The problem between dev and ops is primarily a terminology, communication and respect problem resulting in poor operational support. The two organizations say common things backed by different definitions that are not in agreement. For example, would ops define an “application” in Puppet the same way dev would define an “application” in Jenkins? If not, how would you automate or even communicate between the two for automated application deployments? Dev and Ops really have no concept of each other’s world, yet they assume the other side understands their view, or they expect that the other side should understand their view.
I love the concept of DevOps and I am very optimistic about the movement’s value. However, I’m also very concerned about traditional IT leadership’s capacity to focus on the right goals to make DevOps successful. Bridging development and operations is NOT about dev teams utilizing a continuous integration tool like Jenkins or Bamboo. And it’s NOT about ops teams standing up a configuration management tools like Puppet or Chef. Both may be needed for your automation efforts, but DevOps is about bringing dev and ops teams together so people and tools from both realms are communicating with common terminology, data sources and objectives. As always, communicating and working together for a common goal is the challenge!
- Developers tend to think infrastructure is pretty straightforward. “I can stand up a server at Amazon in seconds. These clowns at work take forever with the simplest requests.”
- Systems Administrators tend to expect developers to understand the infrastructure their applications run in. “The developer said it worked on his dev server, so obviously we screwed it up in production. The dumbass doesn’t understand firewalls or our company’s network.”
On average, developers know application code architecture and think they know systems architecture, but they DO NOT. On average, systems and network administrators have good diversity and know a lot of different infrastructure disciplines, and think they know application code architecture, but they DO NOT.
So why would DevOps be doomed for failure?
Web applications, services architecture and cloud providers have destroyed any hope of success for the traditional IT leadership sold on yesterday’s operational support model. There has to be a fundamental change to recognize that systems and applications are no longer static, documented operational models; they are dynamic release-time dependency models. And there has to be a systematic way for dev teams to communicate application architectures so ops teams understand them.
Have you ever been asked to document application dependencies? If so, could you? If so, how long was it valid? Documenting a traditional three-tiered application is pretty easy. Documenting an application in a service-oriented architecture is only valid until the next code release –As each release may utilize a new service end-point, dependent on a new network segment, dependent on a new database, dependent on a new data center in a different region. Good luck on managing the relationships for your ops teams!
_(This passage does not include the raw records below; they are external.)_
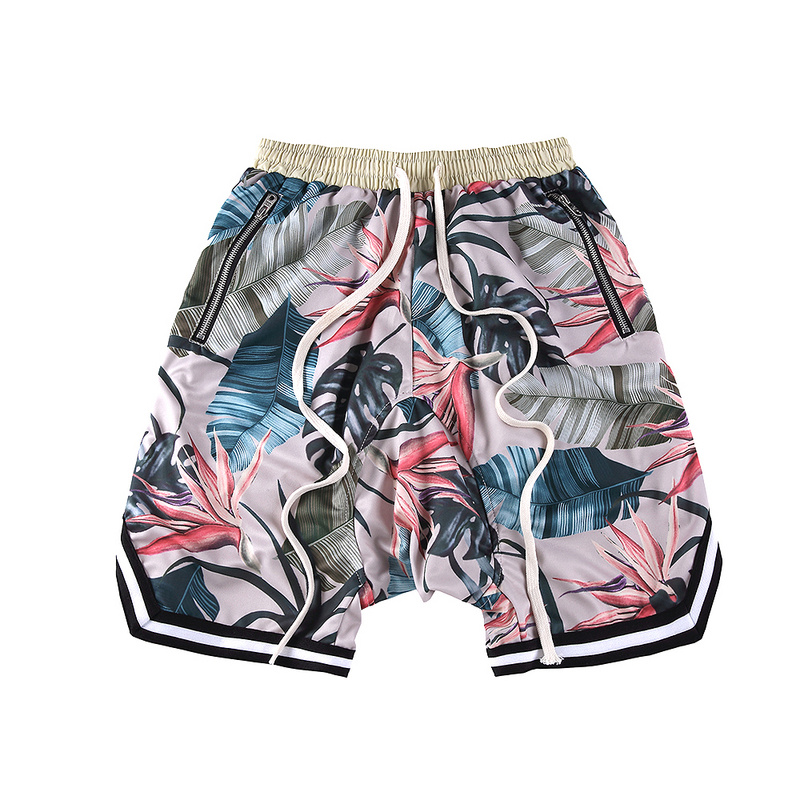 fear of god shorts floral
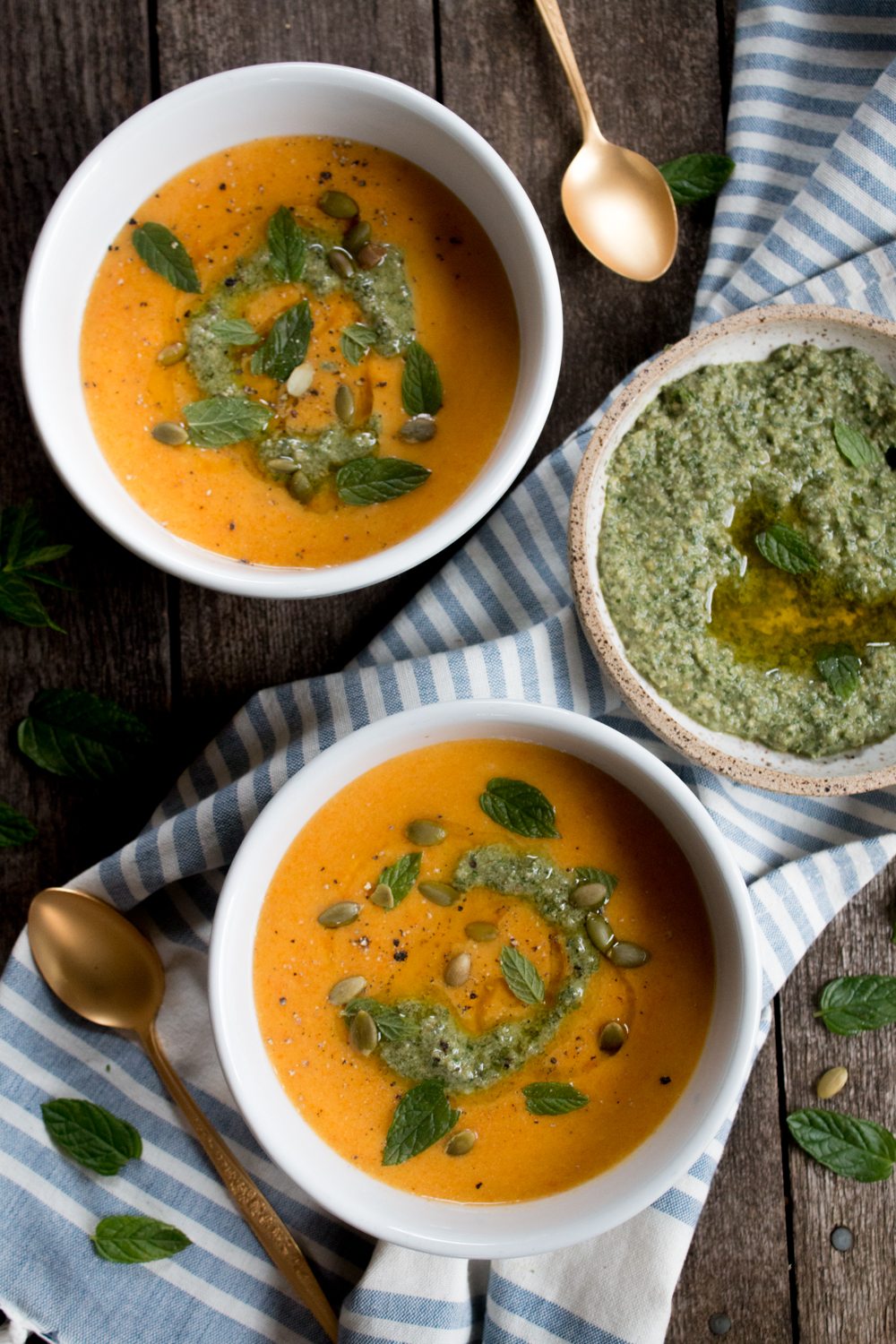 Miso Coconut Carrot Soup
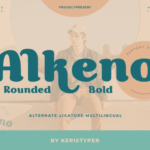 Alkeno Font - Featured Image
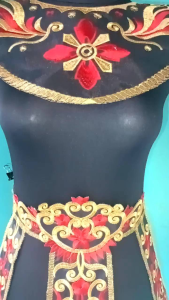 KOSTUM tari KARNAVAL wonderlaind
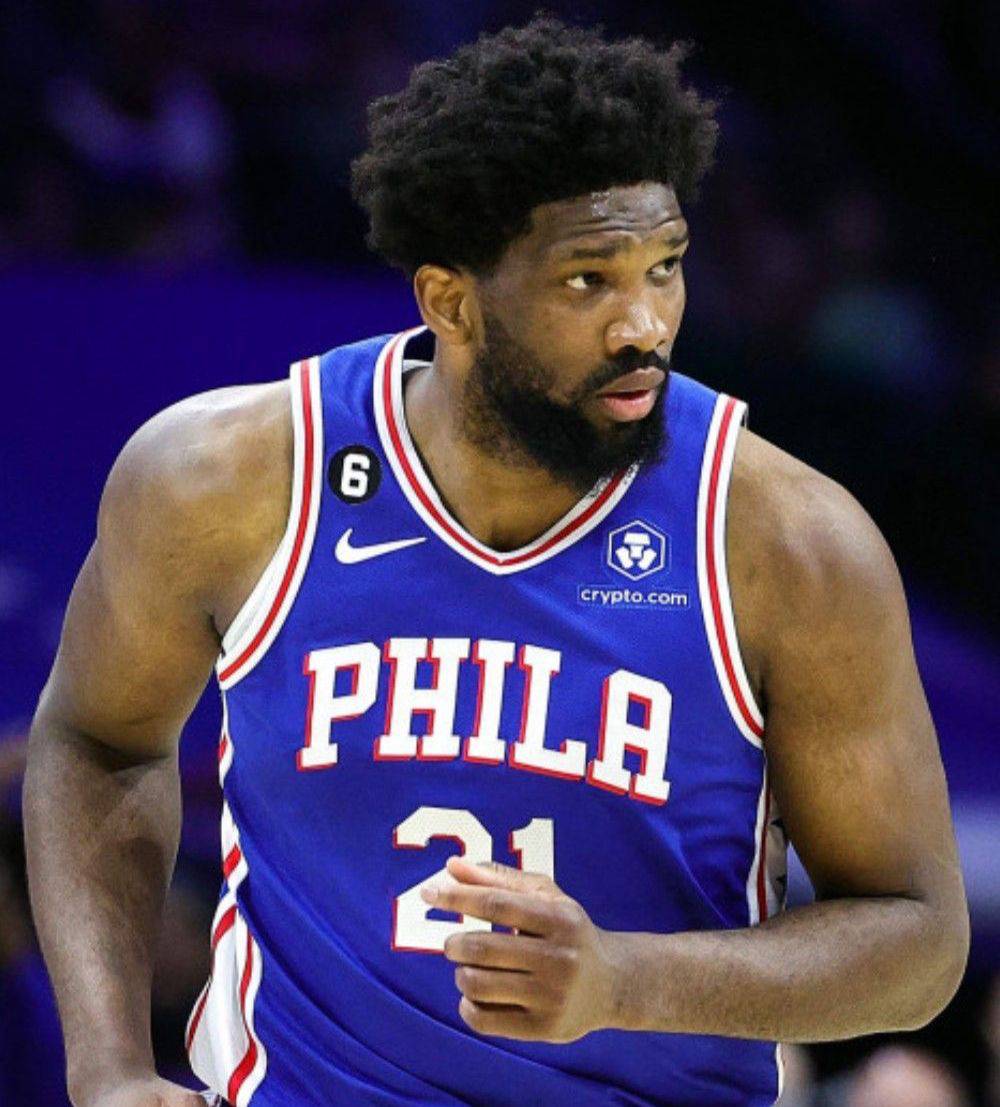 Jersey Philadelphia 76ers 23/24 - Joel Embiid 21 - GOAT STORE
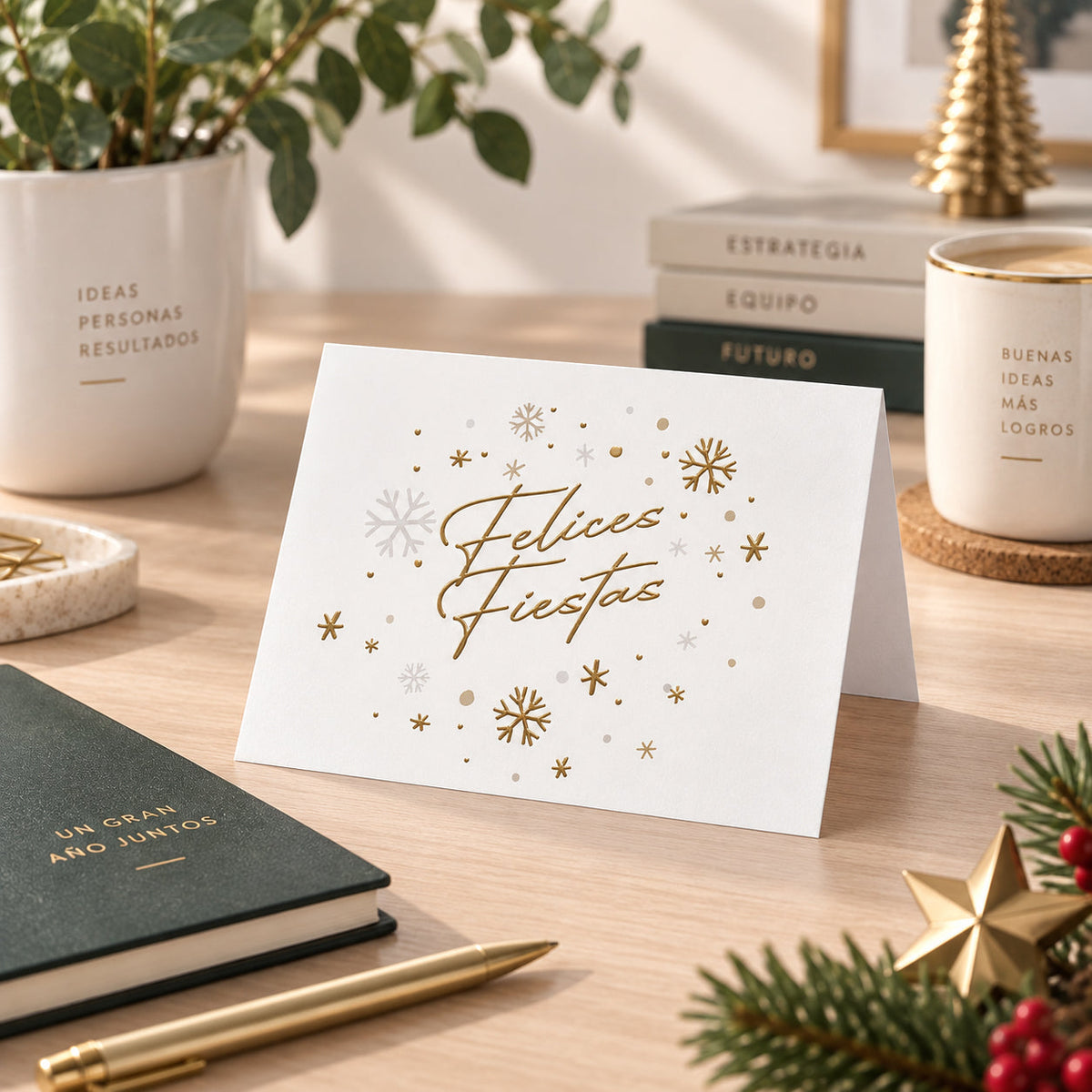 ¿Cómo reforzar la relación con clientes con tarjetas de Navidad?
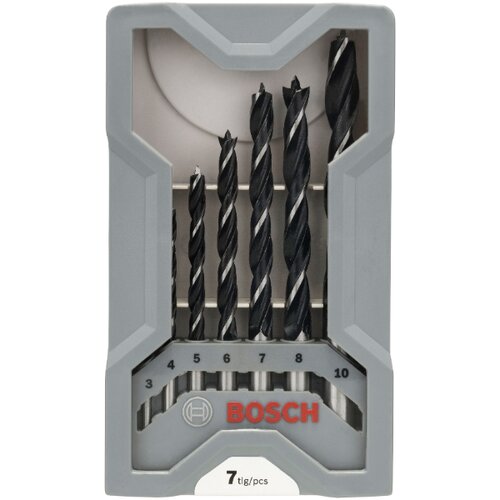 Bosch Set spiralnih svrdla za drvo Slike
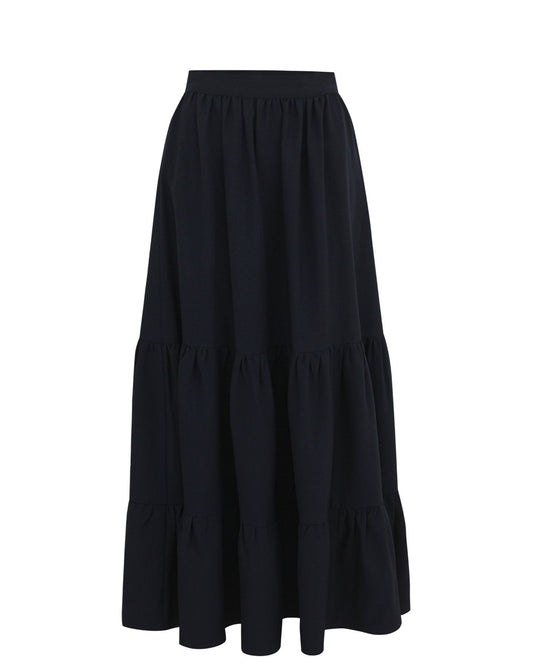 Medina Tier Maxi Skirt (جيبة المدينة تاير ماكسي)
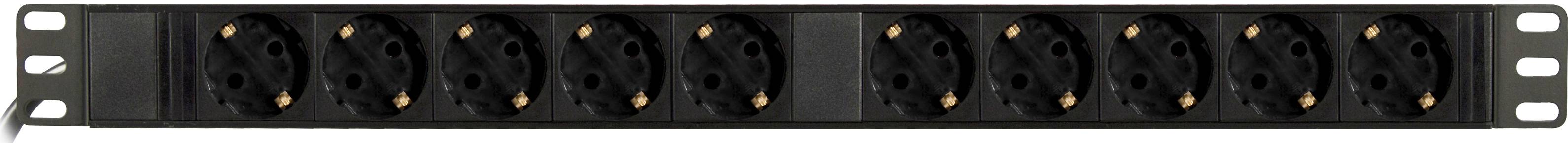 Alternativ bild 1 för Deltaco GT-8635 Power Strip - 4000 Watt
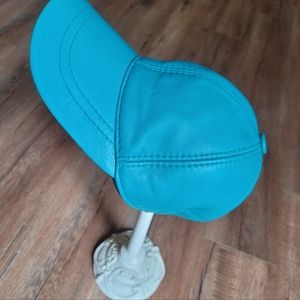 Victoria Leather cap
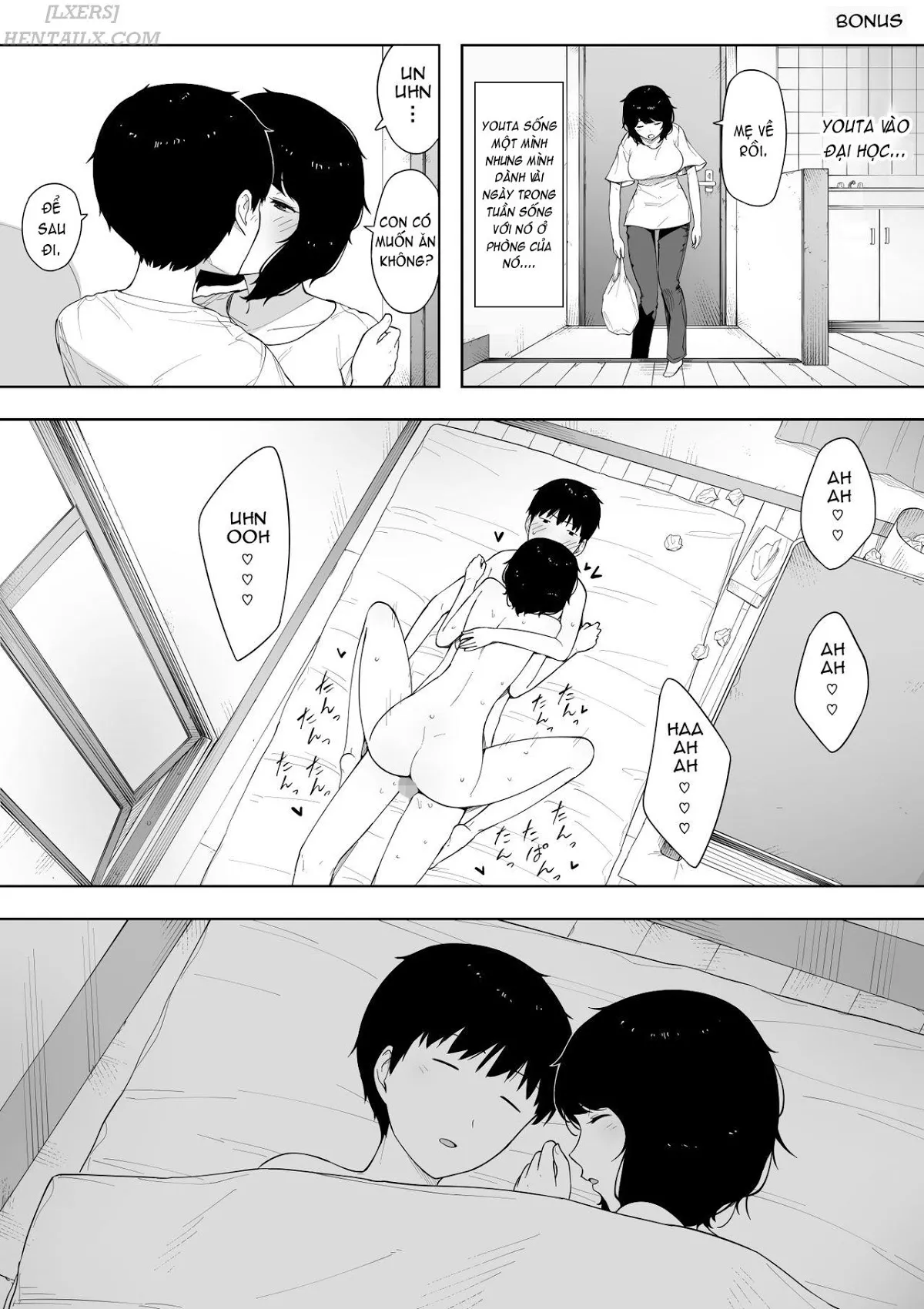 HentaiVN.net - Ảnh 34 - As A Mother? As A Wife? [Haha To Shite? Tsuma To Shite?] - Oneshot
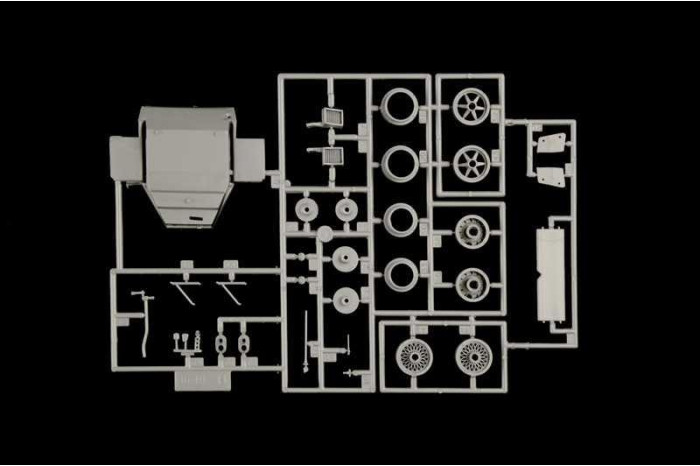 Model Kit auto 3678 - Porsche 956 Jagermeister (1:24)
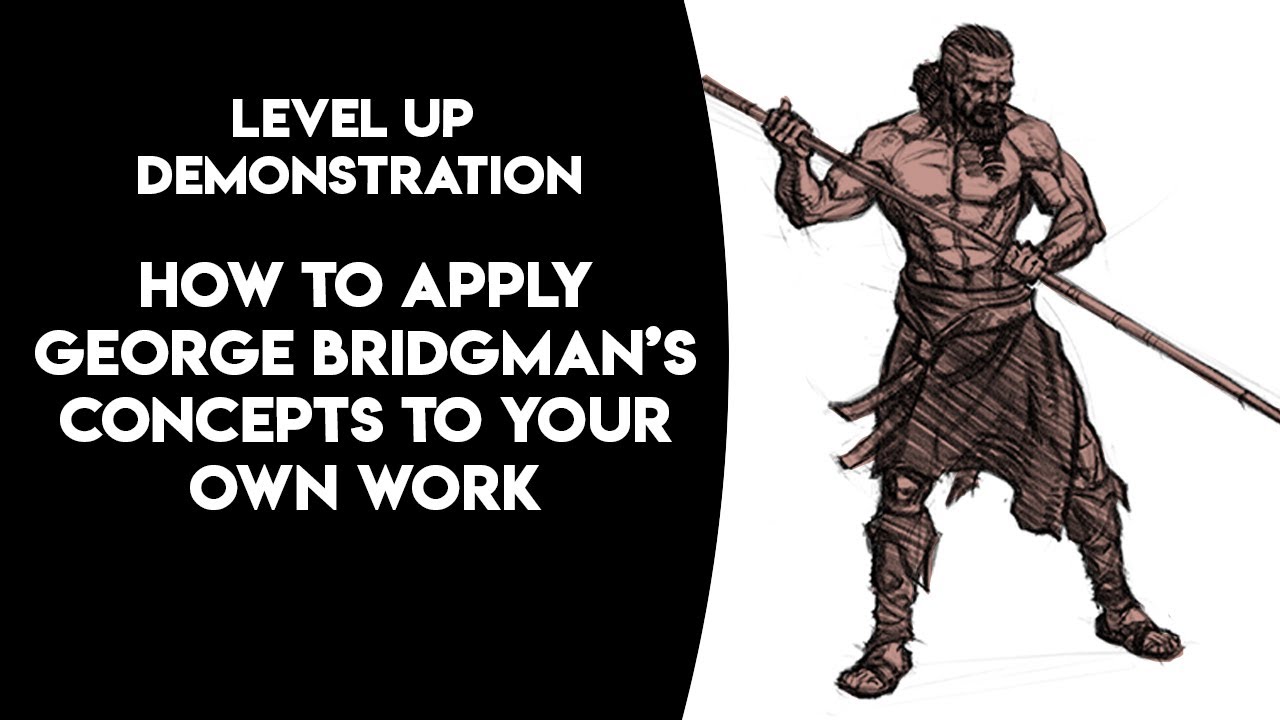 How to Apply George Bridgman's Concepts to Your Own Art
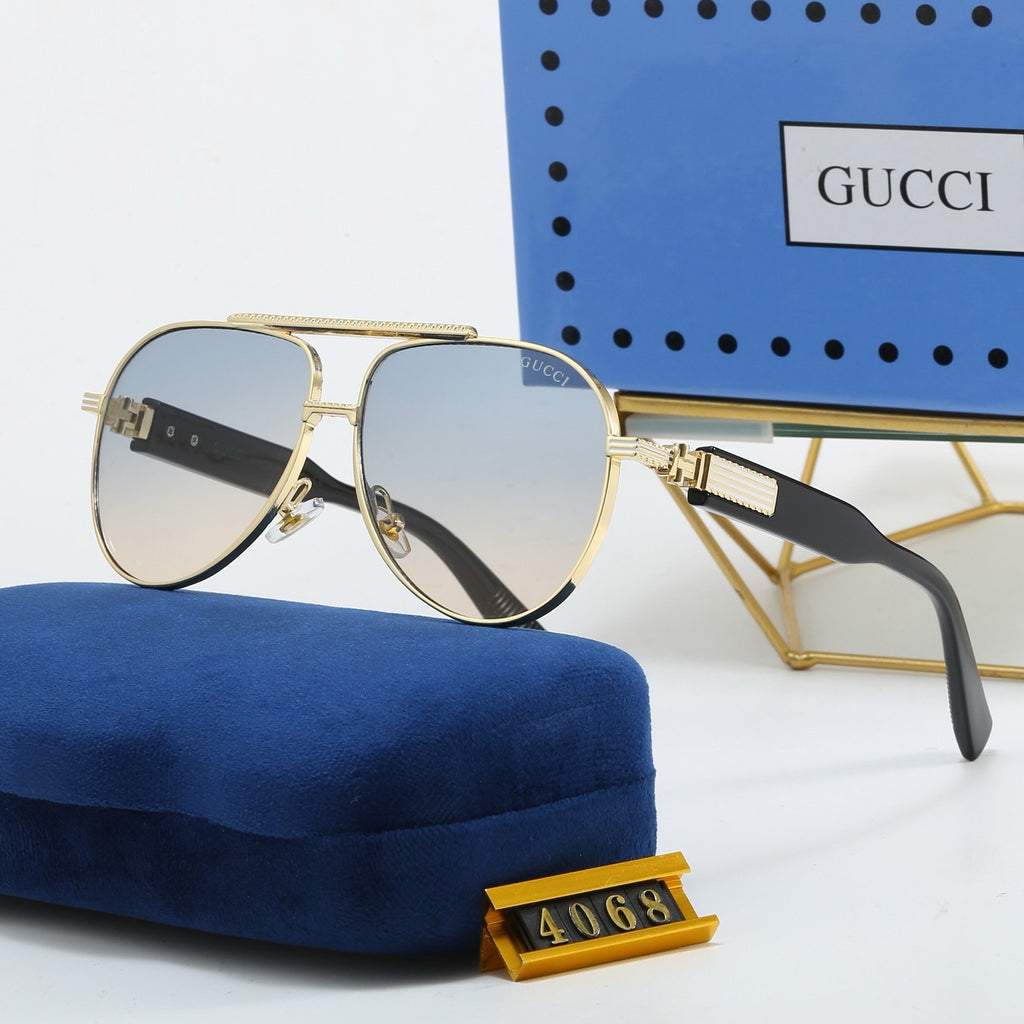 5-Color Fashion GG Sunglasses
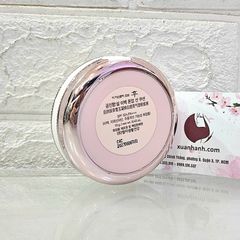 Cushion The Whoo Radiant White Tone Up che phủ tốt và sáng nâng tone mịn da.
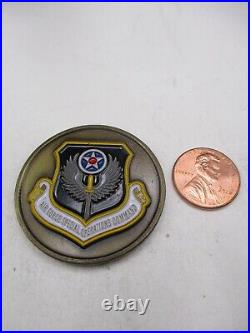 USAF Air Force Special Operations Command AFSOC Air Commandos Challenge Coin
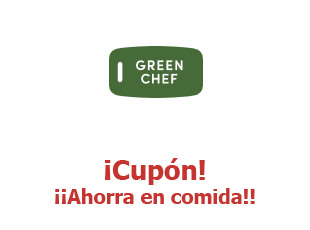 Cupones de Green Chef hasta 60% menos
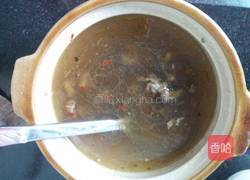 酸菜肉末粉丝的做法图解3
Application designs no longer have a universal hierarchy; the diversity and rate of change can not be easily modeled in a traditional database schema. Enterprise IT tools used to manage the environment provide little help as they expect a static hierarchical application model. ITIL and service catalog implementations also tend to expect a static hierarchical application model. The three-tiered app is gone with the introduction of web application, service architectures and cloud providers. It’s game over if you can’t define your applications, model it, and use that same data to automate the build, deployment and operations life cycle.
The bottom line
App maps look like a circuit board.
Operations teams are lost and have no idea what an application looks like, how to model it, or how to support it. Nor have traditional enterprise IT solutions provided the tools to help model the web app and cloud era. Today’s dependency maps look like circuit boards. If you zoom in, you only see some components of your applications dependencies. If you zoom out, you see the circuit board but can’t read or understand any details.
Let’s say your web application renders a page. For that simple transaction, your application calls multiple web services, each with multiple endpoints, each with multiple database dependencies. Some databases may be dependent on nightly ETL jobs to provide valid data for your functionality. Maybe the UI is rendered by a separate UI platform or portal with its own application, service dependencies and meta data database. Now, let’s say the relevant applications, services, and databases are developed by five different dev teams across three different states.
An event: some functionality in your application fails intermittently. How does your ops team troubleshoot the problem and resolve it? Is the “application” just the part your dev team developed, or is the application the whole “circuit board” of dependencies? Can your app be described effectively in a knowledgebase, KB article, or wiki site? Can the “circuit board” be effectively described in a CMDB or support tools? If so, who out of the five dev teams is accountable for maintaining changes to it? Is your ops team relegated to calling in subject matter experts from each team for troubleshooting? Is your ops team able to be effective without a clear understanding of the application?
To be successful, we have to enable our ops teams to manage the dynamic changes and complexity of today’s applications. Manual communication processes will fail, so we need to redefine the minimum bar for “automation.” Systems Administrators creating a bunch a scripts and standing up Puppet or Chef is not automation. Developers using Jenkins or Bamboo for continuous integration builds is not automation. Automation has to link the application, build, and configuration management together.
- “Automation” needs to be an architecture platform, not an individual tool or effort.
- Automation “platforms” must bridge the technical communication gap between development and operational lifecycle tools, thus enabling organizational DevOps efforts.
The key is establishing common data models and service architectures that enables the automation and a common communication language at a very technical level. If you have been following Willie’s posts on skydingo.com, then it should be clear why we think a CMDB architecture using an unstructured NoSQL technology like Neo4j is so valuable.